→ Task directions:
Print the listing from its top line through the line containing "Glass Globe Modern", nothing more, and leave out the pictures.

→ Data:
┄┄┄┄┄┄┄┄┄┄

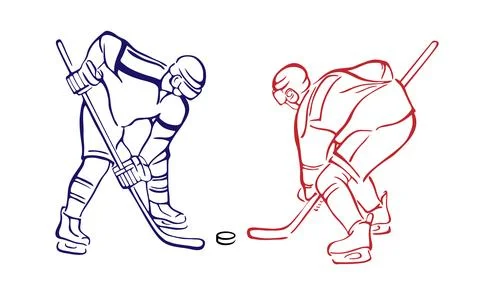 Two ice hockey players. Vector illustration. Stock Illustration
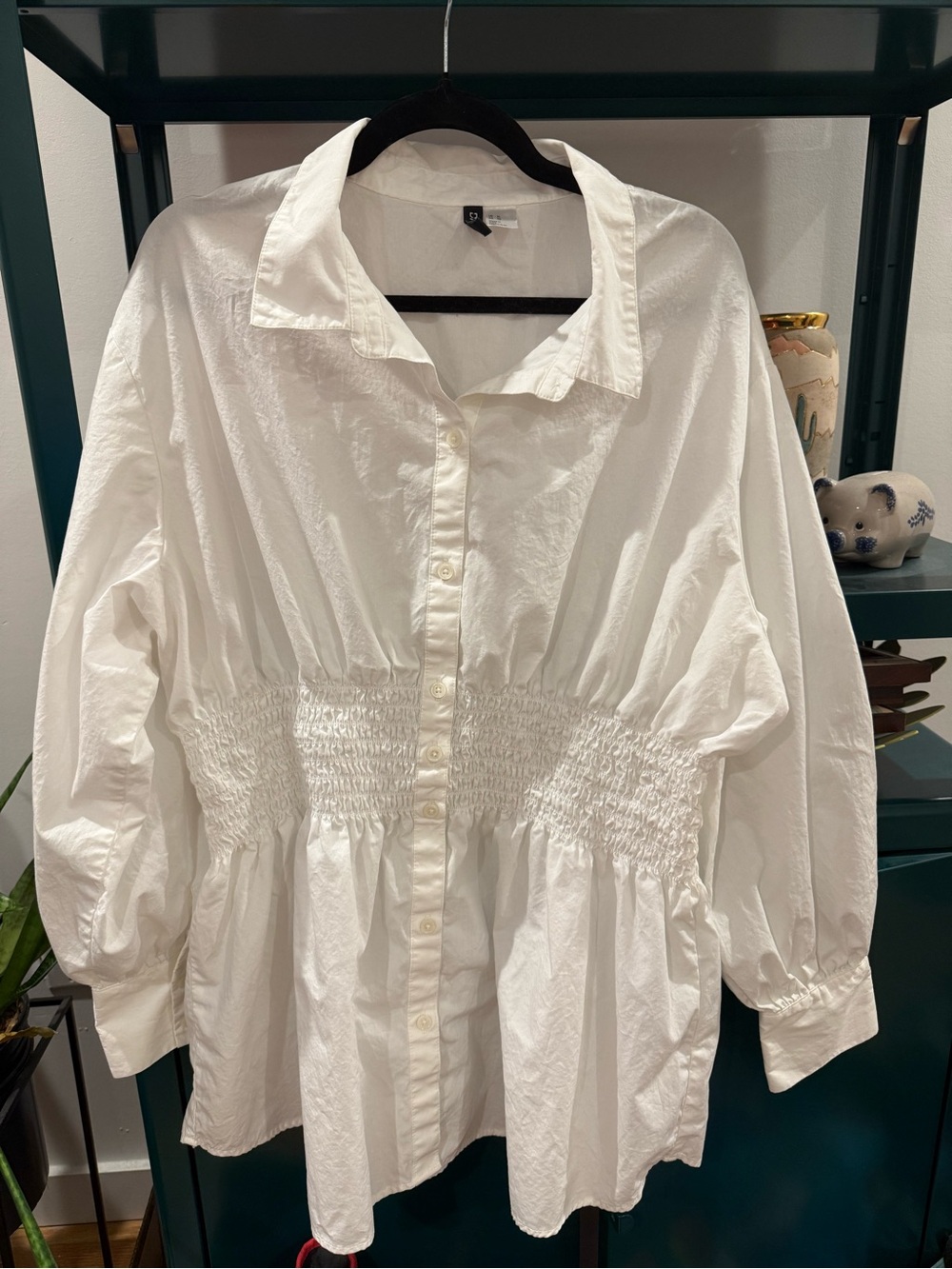 H&M White Button-Front Smocked Waist Blouse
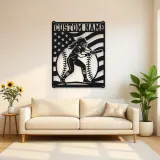 Personalized Female Softball Batter Vertical Flag Metal Wall Art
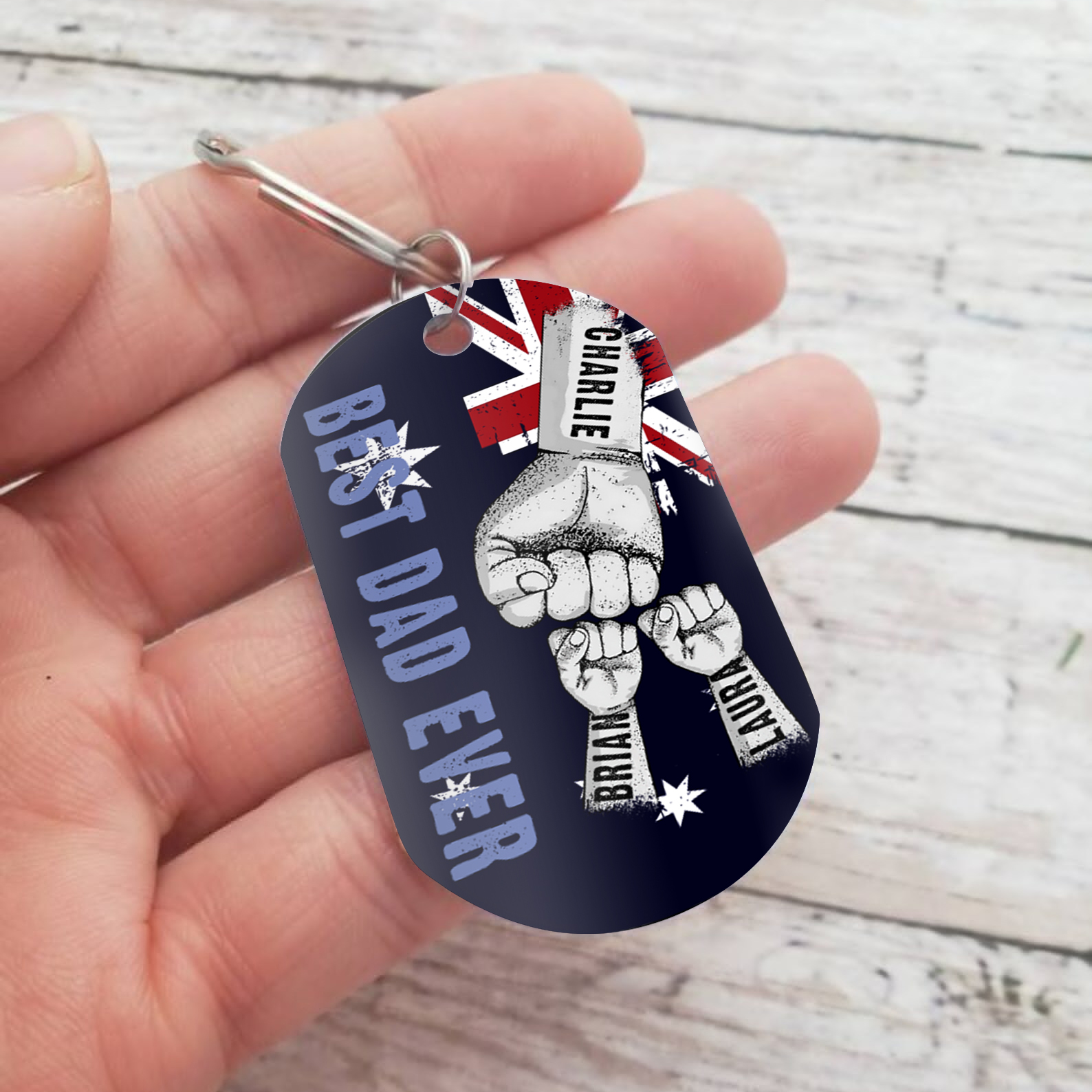 Personalised 3 Names Australian Flag Keychain Fist Bump Keychain Father's Day Gift - Best Dad Ever-Jessemade AU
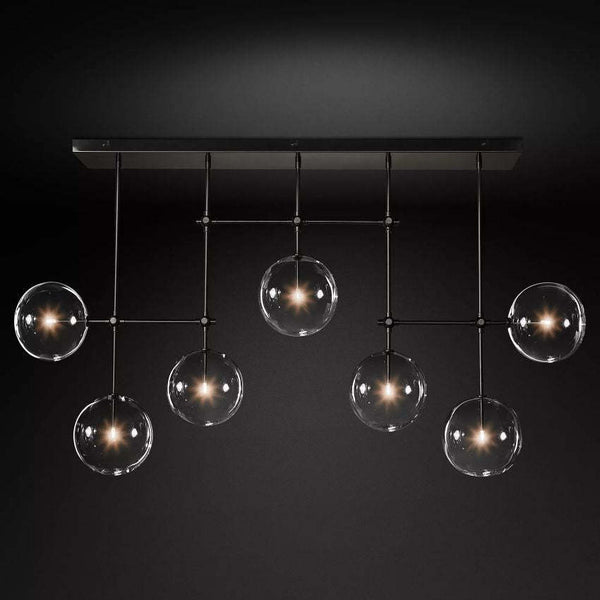 Glass Globe Modern Linear Chandelier  59"W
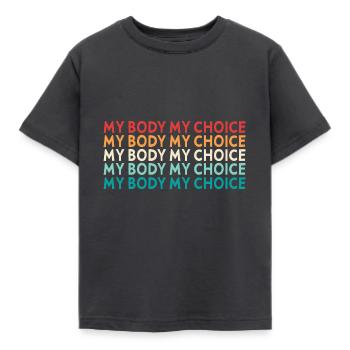 Mein Körper Meine Entscheidung - Kinder T-Shirt - Dunkelgrau - Vorne - AI Model Kid Female (0cm)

┄┄┄┄┄┄┄┄┄┄

→ Expected answer:
 Two ice hockey players. Vector illustration. Stock Illustration
 H&M White Button-Front Smocked Waist Blouse
 Personalized Female Softball Batter Vertical Flag Metal Wall Art
 Personalised 3 Names Australian Flag Keychain Fist Bump Keychain Father's Day Gift - Best Dad Ever-Jessemade AU
 Glass Globe Modern Linear Chandelier  59"W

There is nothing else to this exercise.